Este ano, as comemorações do Dia de Portugal decorrem na cidade da Guarda, onde Cavaco Silva antecipou alguns dos temas que poderão marcar o discurso oficial desta terça-feira. Nos últimos dois dias, o Presidente da República realçou as potencialidades do interior, algo que fez em anos anteriores, e recordou que é fundamental evitar os “erros passados para que no futuro as gerações seguintes não tenham de fazer os mesmos sacrifícios”. Os sacrifícios e o realce das potencialidades do interior não são novidade no discurso do chefe de Estado. Além destes temas, em discursos anteriores, Cavaco Silva faz questão de manter a esperança dos portugueses face à situação nacional.
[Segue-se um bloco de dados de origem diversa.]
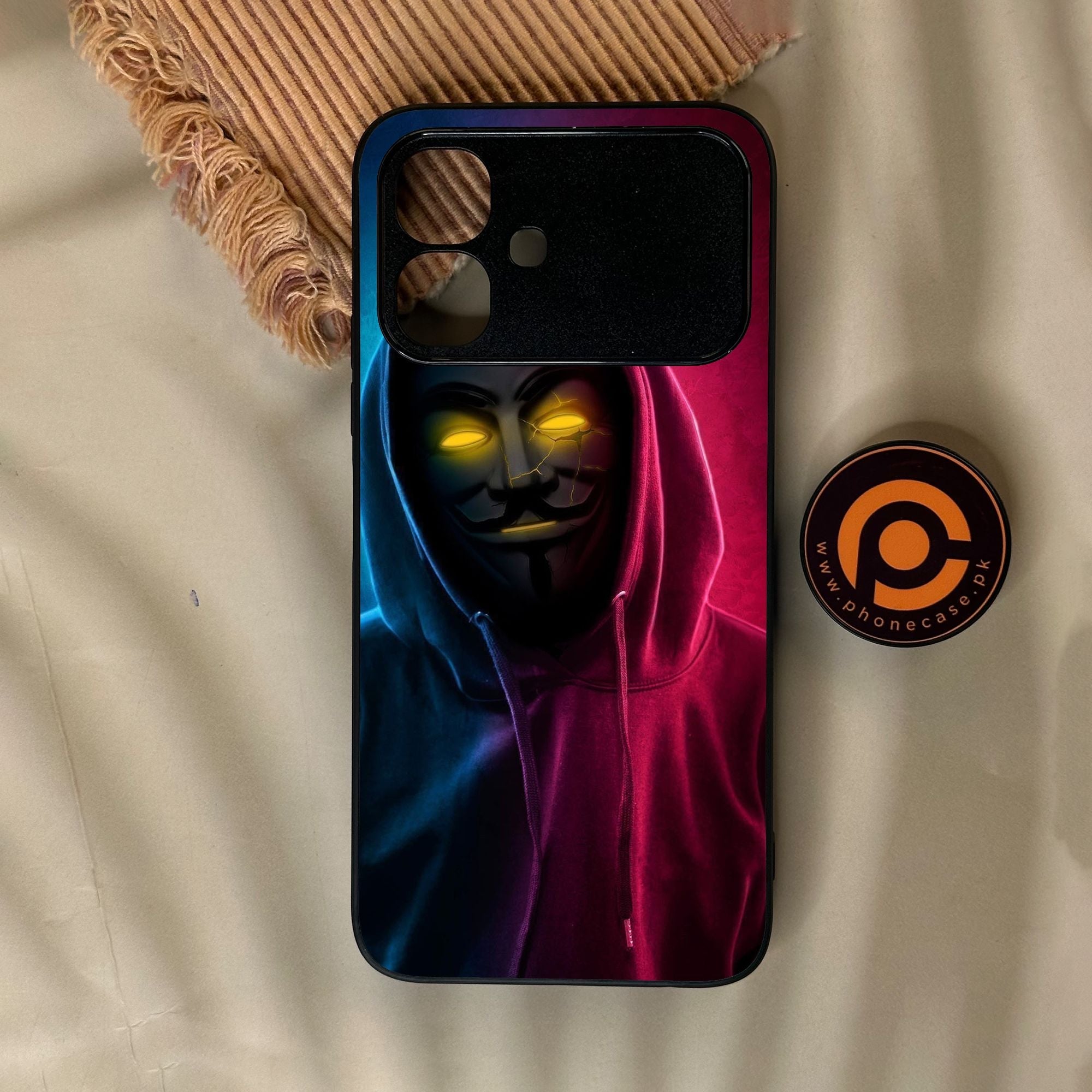Infinix Smart 20 - Anonymous 2.0 Design 2 - Premium Metal Printed Soft Bumper Shock Proof Case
Mas nem sempre foi assim: também houve críticas duras no 10 de junho.

“Esperança é a palavra”

Segunda-feira, 15 de setembro de 2008. Um dos maiores bancos de investimento dos Estados Unidos entra em colapso e torna-se o protagonista da maior falência da história norte-americana. O Lehman Brothers não resistiu à crise no mercado de crédito imobiliário de alto risco (“subprime” em inglês) e, no terceiro trimestre de 2008, perdeu cerca de 3,9 mil milhões de dólares, quase 3 mil milhões de euros. Um ano depois, a crise que nasceu na América do Norte chegava a Portugal e passou a ser obrigatória na agenda de qualquer político. Cavaco Silva não foi exceção.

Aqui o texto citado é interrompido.